The clock on Shikage’s main monitor blinked 2:07 A.M. in bright digital green, its glow cutting the dark like a neon blade. Rows of smaller screens wrapped around his desk in a crooked arc, each throwing a different slice of HQ onto the walls. Shadows pooled in the corners of his room, deep and warped by the glow of code, camera feeds, and the ever-flickering light of his console.
Beneath the mustard-yellow folds of his blanket, Shikage sat curled like a hermit crab in its shell. Only his face was visible, pale against the glow, dark green eyes half-lidded in a gamer’s focus. His headphones hung around his neck, one hand clutching a controller, thumb dancing across the stick while his other hand reached out periodically to swipe at a different keyboard. Every so often he muttered some old-fashioned phrase under his breath, half incantation, half commentary on the raid he was running.
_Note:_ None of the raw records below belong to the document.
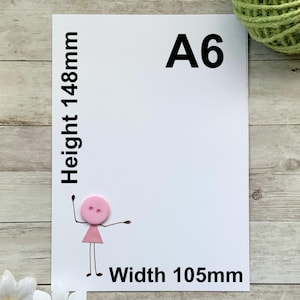 May include: A white A6 size paper with the dimensions of 148mm height and 105mm width. The paper has a pink button figure with arms and legs. The text "A6" is printed in black.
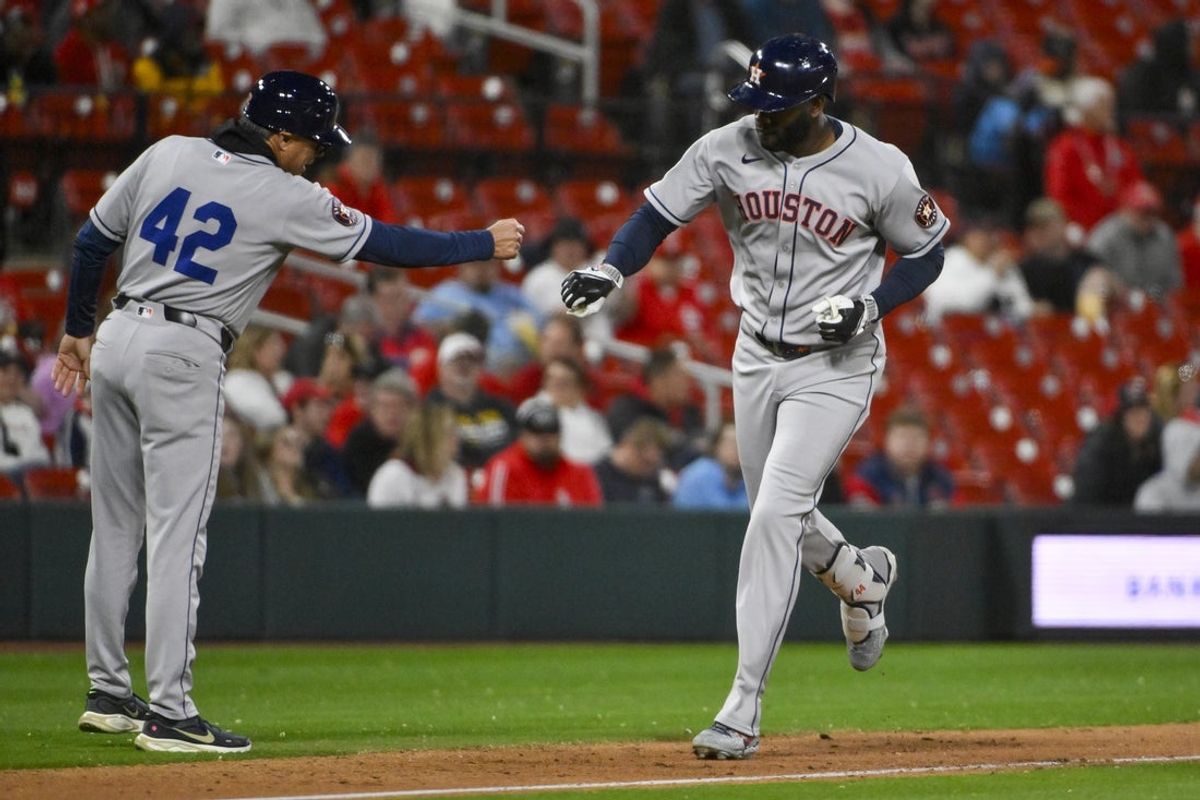 Apr 15, 2025; St. Louis, Missouri, USA;  Houston Astros designated hitter Yordan Alvarez (44) is congratulated by third base coach Tony Perezchica (12) after hitting a solo home run against the St. Louis Cardinals during the eighth inning at Busch Stadium. Mandatory Credit: Jeff Curry-Imagn Images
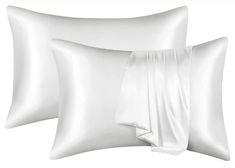 two white pillows with satin sheets on them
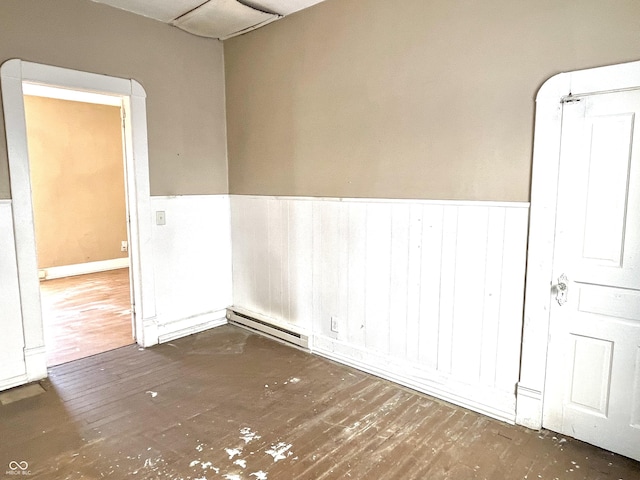 spare room with dark wood-type flooring and a baseboard radiator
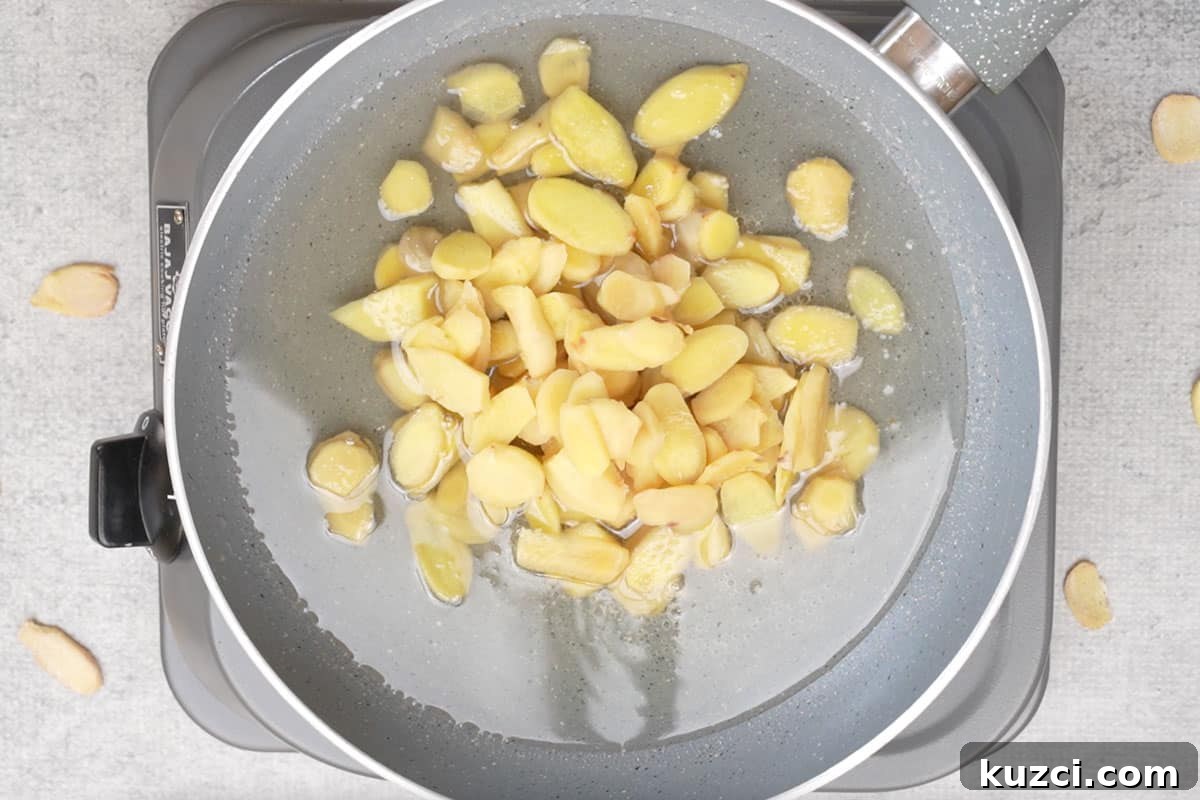 Homemade Crystallized Ginger Candy 9 Cooked ginger added to the pan.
In the corner of the room, a wall-mounted screen flickered, its feed tied directly to the outer gate camera. The faint ping he’d set as a perimeter alert chimed, soft but insistent. He flicked his eyes to it without pausing his game. The camera showed the main gate’s night-vision feed, no movement, but a shadow stretched oddly long where no shadow should be.
He shifted, blanket rustling like a living thing. The fabric unfurled across the floor, spreading toward a flat-screen mounted above. Tiny geometric ripples pulsed across its surface, as though the blanket were breathing. Where it touched the wall, the security feeds multiplied: corridors, stairwells, rooftops, even the service tunnels. Every hallway in HQ became a tile on a giant puzzle he could rearrange at will.
With a twitch of his fingers on a secondary controller, the map of HQ’s interior shifted, doors sliding to dead ends, staircases rerouting. Somewhere below, a would-be intruder would now find themselves in a looped corridor of white walls and flickering lights.
His voice, low and theatrical, crackled over the choker comms to the main gate.
“The invincible fortress stirs. Who dares tread upon my threshold at this unholy hour?”
The dramatic tone faded as his eyes darted from feed to feed. The shadow by the gate had gone still. His fingers hovered over the controls, blanket shivering with latent power. He might have looked lazy, a shut-in in a hoodie and monster slippers, wrapped in a comforter at two in the morning but somewhere far below, the maze shifted again with a muted groan of moving walls. The fortress was watching.